みりんちゃんのアイドルになりたい執念に代表されるように、メンバーは皆、強い「承認欲求」をでんぱ組加入前から持っていた*4。ここで「承認欲求」というのは、自身の感性、考え、存在を認めてほしいという文字通りの意味である*5。
「でんぱ組.inc」結成当初、メンバーはある意味打算でグループに参加した。リスペクトする作家の楽曲でデビューできるからだ。それぞれの「承認欲求」と、そこから生じる自らの夢「声優」「美術家」「アニメシンガー」が第一で、グループは二の次。アイドルになることを夢みていたみりんちゃんですらそうだった*6。
One For All, All For One
しかし、「アイドル横丁杯」「武道館」と目標が明確化されたことが彼女たちに変化を迫る*7。
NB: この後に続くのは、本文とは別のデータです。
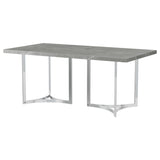 Sterling Grey Faux Marble Dining Room Table - Ornate Home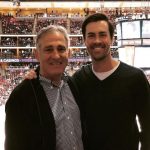 Cole Hamels with his father Gary Hamels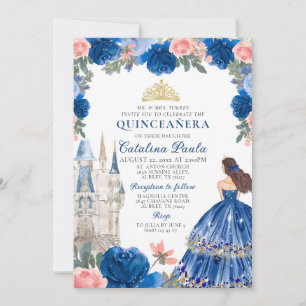 Invitation pour Quinceañera Château de Princesse O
当初は互いの「生きづらさ」を理解するがゆえ、言いたいこともいえない状態が続くものの、目標を前に覚悟を決め、互いの「真っすぐさ」「承認欲求」をぶつけ合わざるを得なくなる*8*9。「でんぱの神神」で見られるように、もがちゃんはそこで重要な役割を果たす。まるで物語のトリックスターのように。
その過程で「不完全さ」の克服・昇華・止揚が生じる。ぶつかっても建設的な方向に進むのは、彼女たちが互いの「生きづらさ」を理解できるだけでなく、非常に聡明で理知的であったからだろう*10。
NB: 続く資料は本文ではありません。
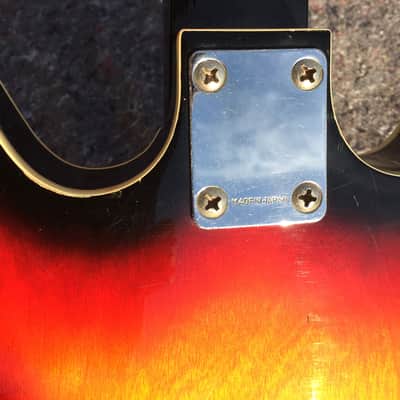 VOX VG4 1968 - Sunburst Semiacustic Bass 2 Pickups image 11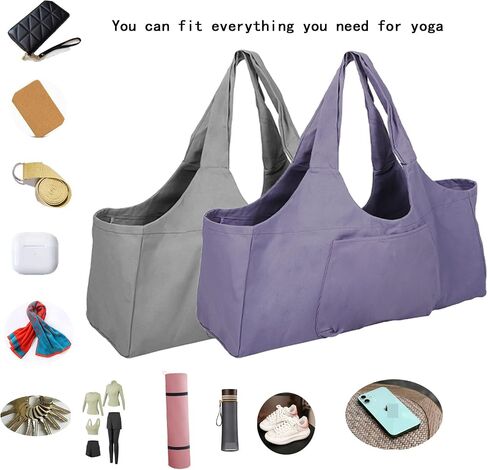 Yoga Mat Bag Large Capacity Oversized Gym Bag Lightweight Multi-functional Storage Bag Luggage For Yoga Bolster in Saudi Arabia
それらは前述の「でんぱの神神」やSNSによりほぼリアルタイムでファンに共有され、共感を呼ぶとともに、前回提示した「各メンバーの成長と成功の物語」*11や「メンバー間の友情物語」を芳醇なものとした。
また、自分の居場所であるグループ内での自他の持ち味を知ることで、「ダンス」「トーク力」「ルックス」など自身の強みでグループに貢献するという意識が芽生えてきた。もちろん自らの承認欲求は満たしつつ*12。そもそも、欠落と特異な才能を併せ持つことは主人公の資質である。そういった主人公気質のキャラの立ったメンバー同士が互いの持ち味を出しながら勝利に向かっていく。
まさしく「 血沸き肉躍るサクセスストーリー」としか言いようがないではないか。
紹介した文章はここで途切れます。